# Is a .40 enough for black bear?



## Bo0YaA

So I have a .44 which is a great gun but it never gets used other then when I go into bear country. I was putting some thought into selling it and taking the money buyin a .40. I read quite a few things about the fact that a .40 is to small of a caliber for a black bear but I have also read articles where people say "Ill take 17 shots from my .40 over 6 for a .44 any day when it comes to a 300lb black bear". 

Im just curious what you all think.


----------



## jpolson

I carry my 40 with 180 grain fmj's in it. Carried a 357 when I lived in Northern Michigan. Never used either, but I trust that it would do the job. 17 rounds in the mag won't make much of a difference. You would be lucky to get 6 shots off with a charging bear. Never used either, but I trust that it would do the job.

Bear mace is supposed to be fantastic. I'm thinking about getting some for my hunting trip into grizzly country this fall.


----------



## Donttreadonme

IMO yes it is. I only know of one person who has ever defended themselves against a bear. He did so with a .357. Two shots and one dead bear are enough evidence for me.


----------



## Wind In His Hair

A 10mm is a good choice if an auto is what you prefer. In a Glock 20 you would be able to switch back and forth between 10mm and .40 S&W if you got yourself a conversion barrel from Lone Wolf. In terms of power, it wouldn't be as hot as the .44 mag, but it would be more potent than the .40 with the hotter loads from companies like Buffalo Bore, Cor-Bon, or DoubleTap.


----------



## Bo0YaA

Well what Im looking for is more of an all around side arm. Ive got a .357 but its in a snub nose and its actually the gun I purchased for my wife. The 10mm is nice but with boxes of ammo that expensive I would want to reload which creates a problem when they are flying all over the place out of an auto. With the .40 the ammo is still cheap enough that reloading isn't necessary for normal shooting then I could have a box of the +p hardcast type stuff for when I go into areas like the Uintas. I don't know, just kicking around some ideas.


----------



## StillAboveGround

Every time this kind of question comes up, I remember a story I read many years ago. 2 guys were working around camp on an African safari where they were attacked by a lion. One guy had a .357 mag and the other a .22. Why did he have a .22 as a side arm in the African Bush??? 

Anyway they both got off single shots and the lion fell dead at their feet. When they skinned it out, the .357 had deflected off the skull and the .22 had penetrated the skull into the brain. 

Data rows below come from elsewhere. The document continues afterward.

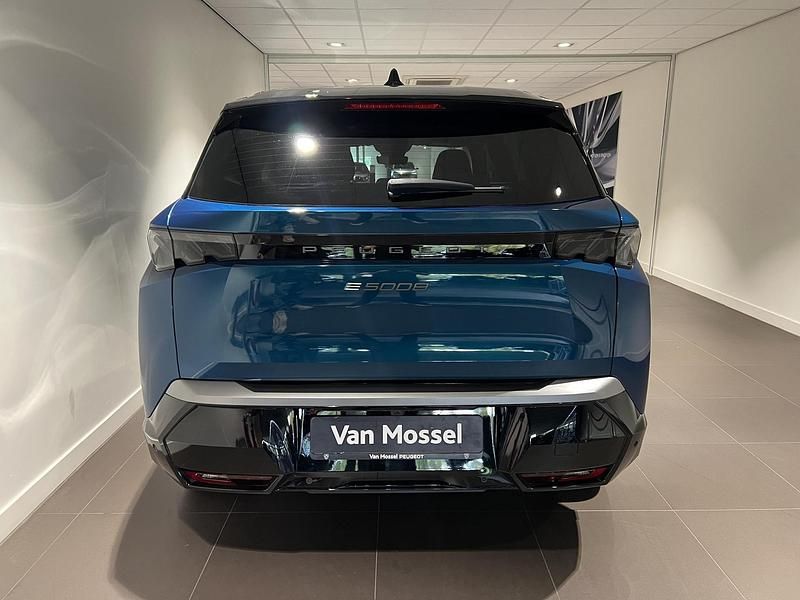 Occasion Peugeot e-5008 Avantage 169 kW (231 PK) 2024 Blauw SUV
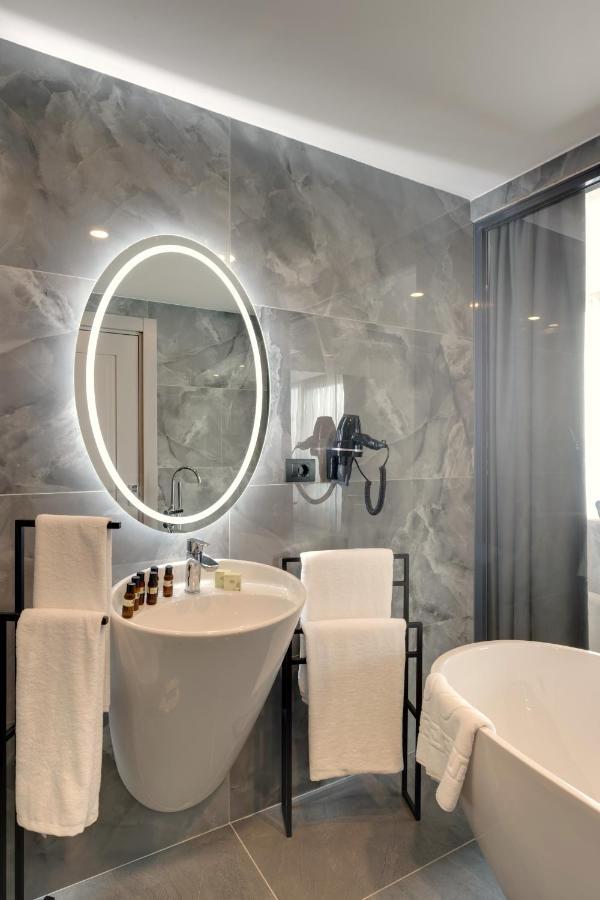 Pera Bosphorus Hotel イスタンブール エクステリア 写真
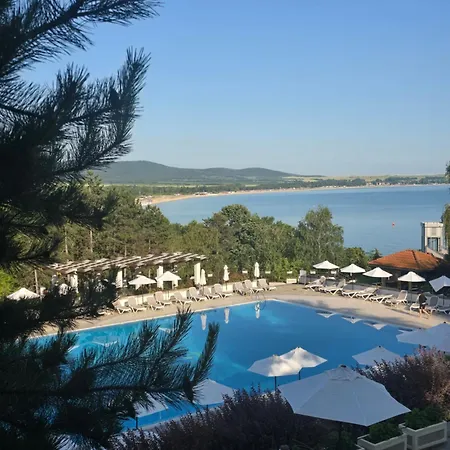 公寓式酒店 Santa Marina Apartaments- Karina 1 索佐波尔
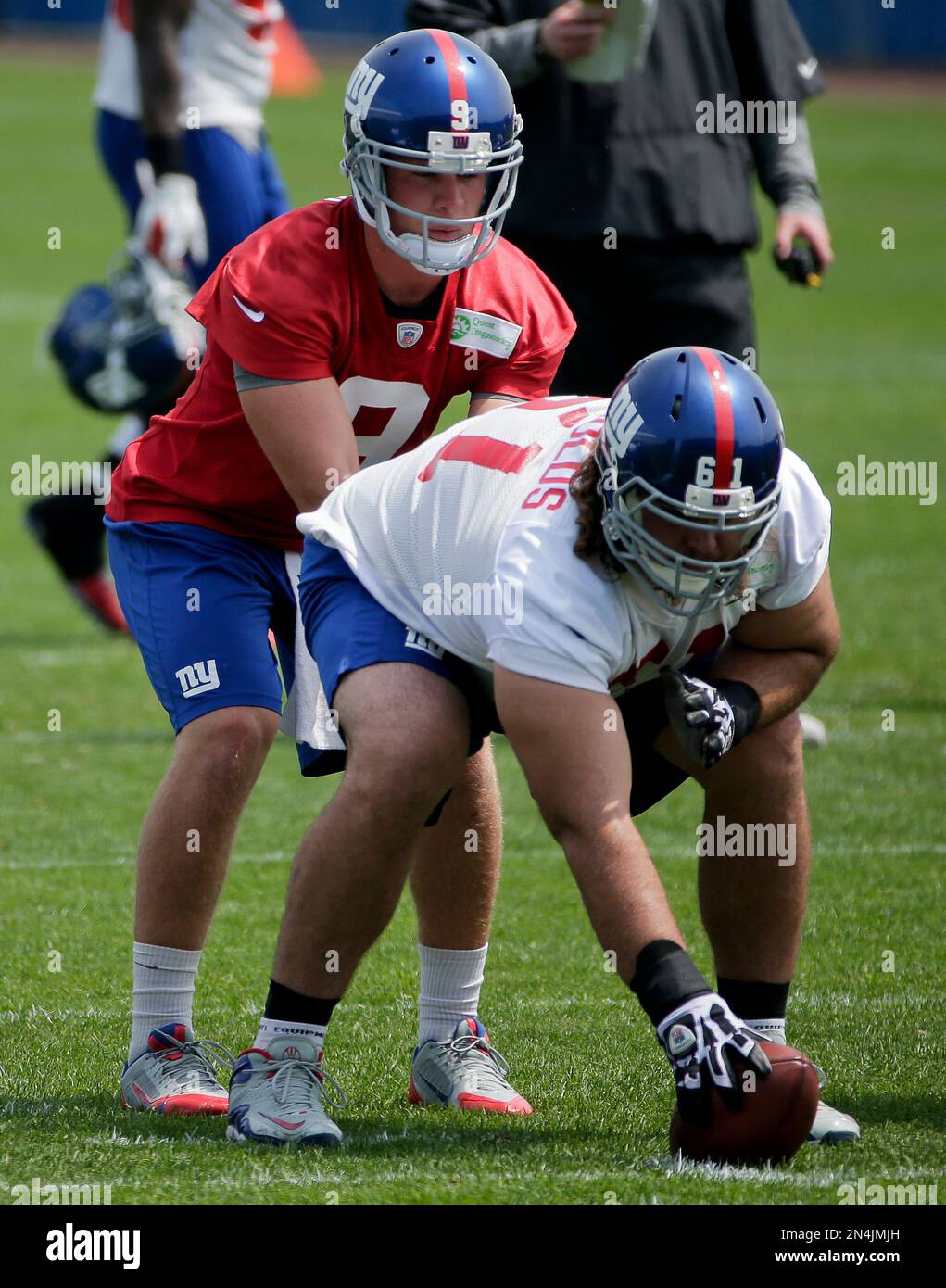 New York Giants quarterback Ryan Nassib (9) waits for the snap from New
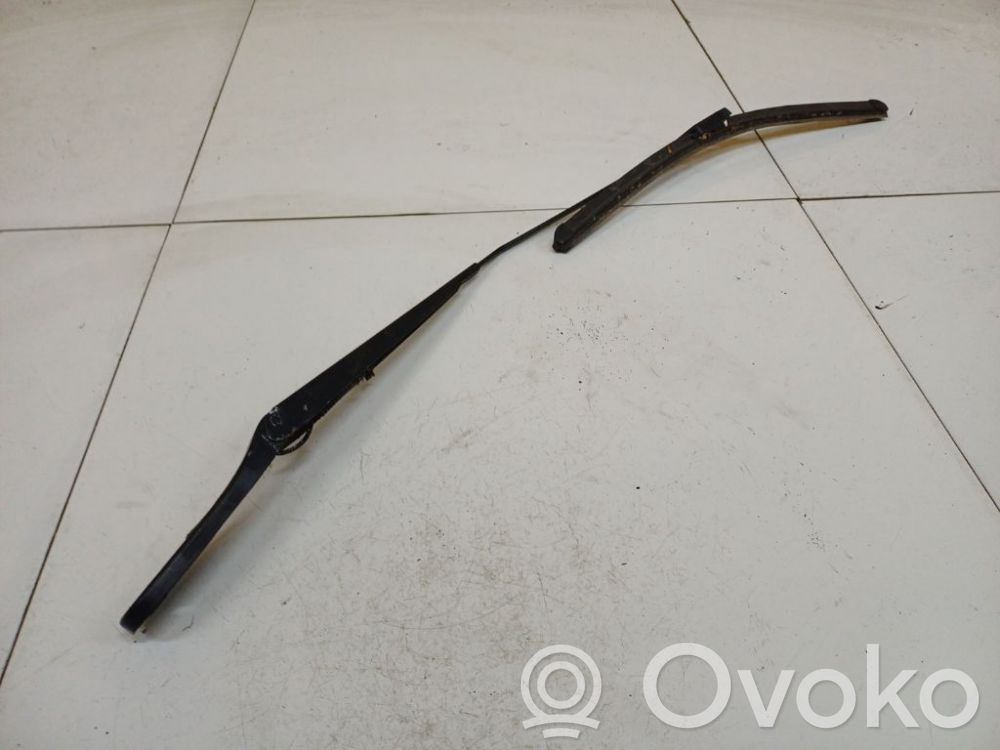 Volvo V50 Etupyyhkimen sulan varsi 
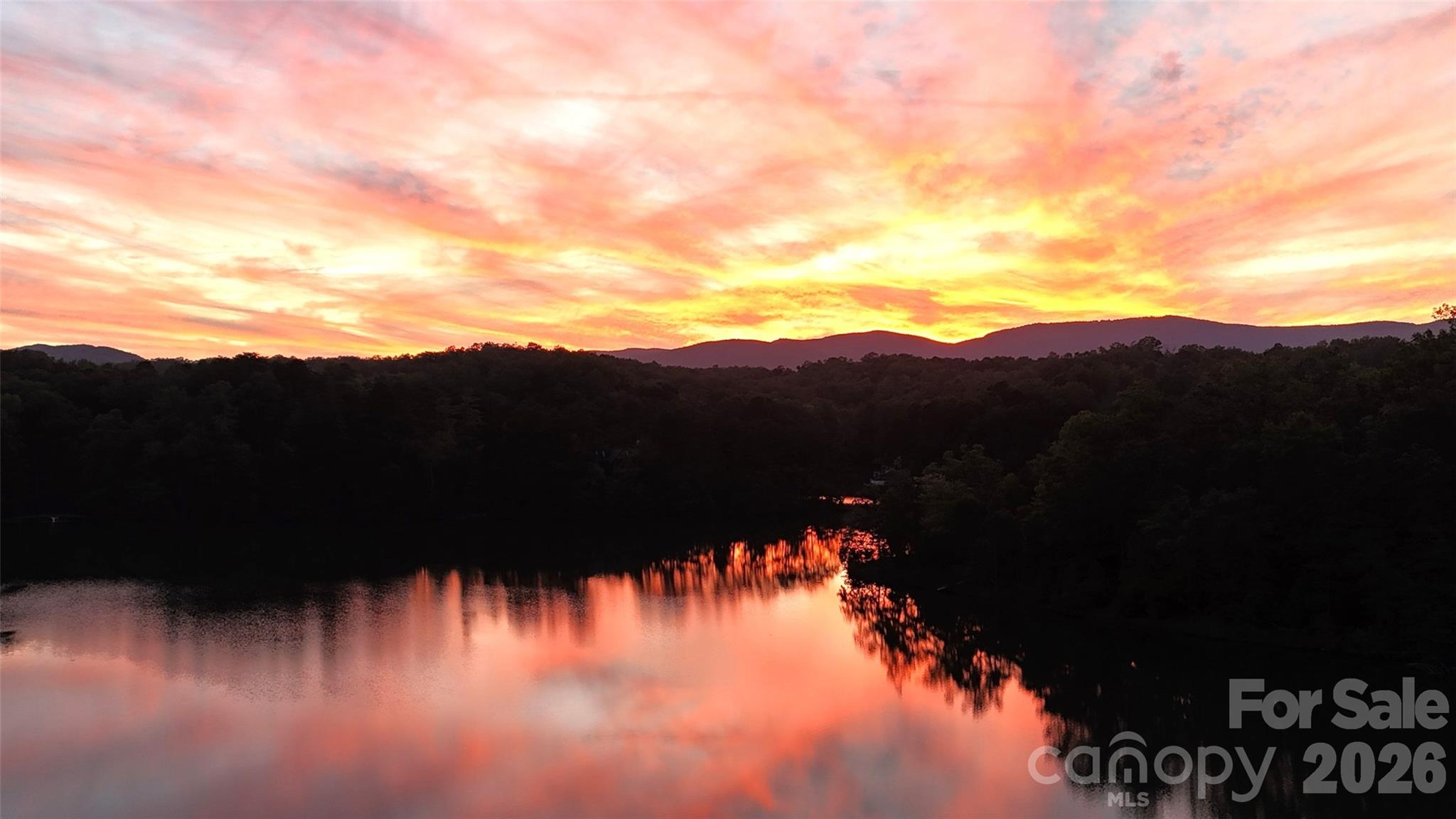 Lake Adger - Land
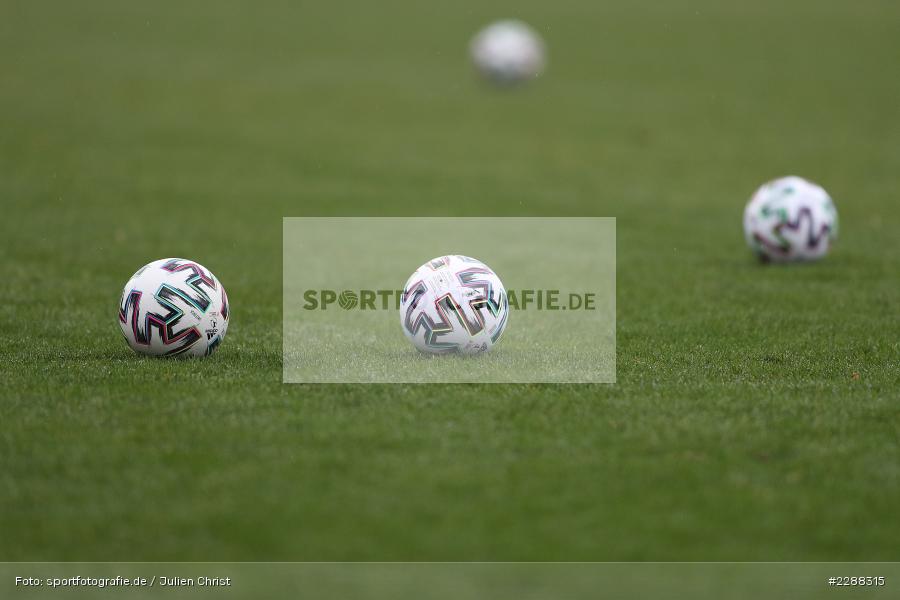 Bälle, Symbolbild, Dietmar-Hopp-Stadion, Sinsheim, 07.02.2021, DFL, sport, action, Fussball, Deutschland, Februar 2021, Saison 2020/2021, B04, TSG, Bundesliga, FLYERALARM Frauen-Bundesliga, Frauen, FFBL, Bayer 04 Leverkusen, TSG 1899 Hoffenheim - Bild-ID: 2288315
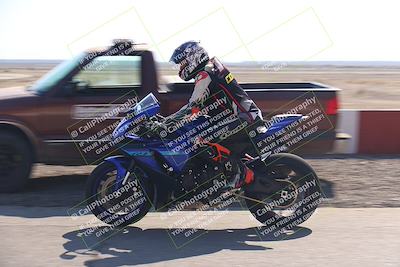 media/Nov-03-2025-Lets Ride (Mon) [[4d74c1c4d3]]/B Group/Grid/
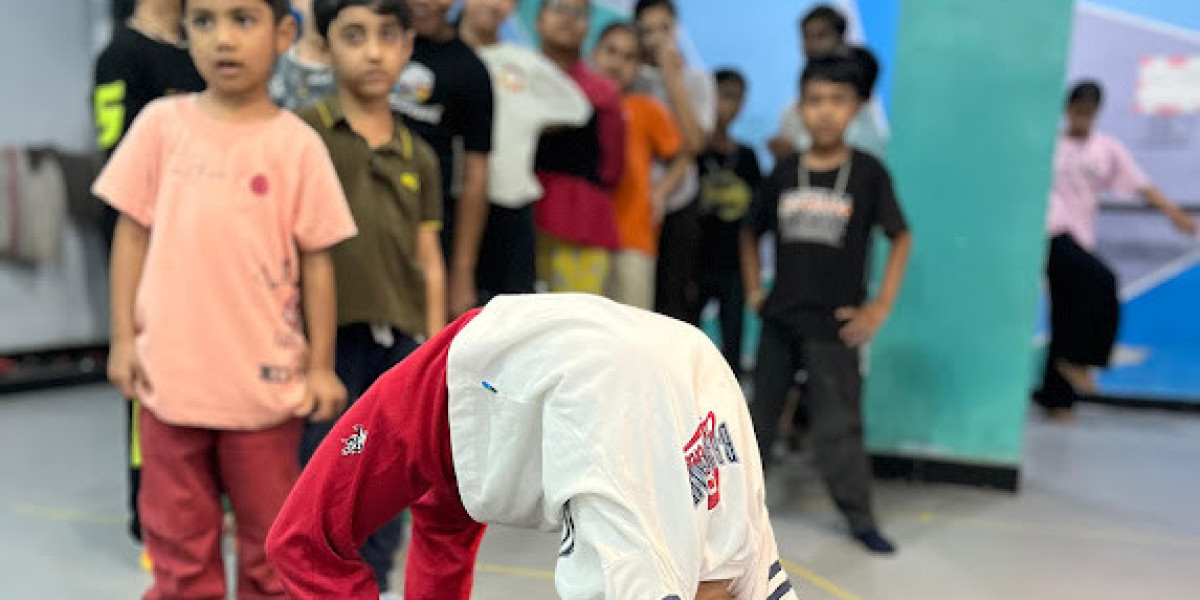 Salsa Dance Classes in Malviya Nagar – Buskers Dance Institute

No doubt the .357 wallop on the skull would have been a serious hit, but these guys concluded that the .22 saved their lives. If you did that 10 times in a row, I would bet on the .357 every time (if it fires every time), but sometimes you may need a little luck.


----------



## xxxxxxBirdDogger

> Is a .40 enough for black bear?


It's a helluva lot better than chucking a rock.


----------



## Frisco Pete

With a .40 S&W the most important thing, like with any caliber, is to use a good premium bullet that would give good penetration and hold together well in 180-grains. Speer bonded core Gold Dots might be a good choice, but there are others. Avoid lighter bullets.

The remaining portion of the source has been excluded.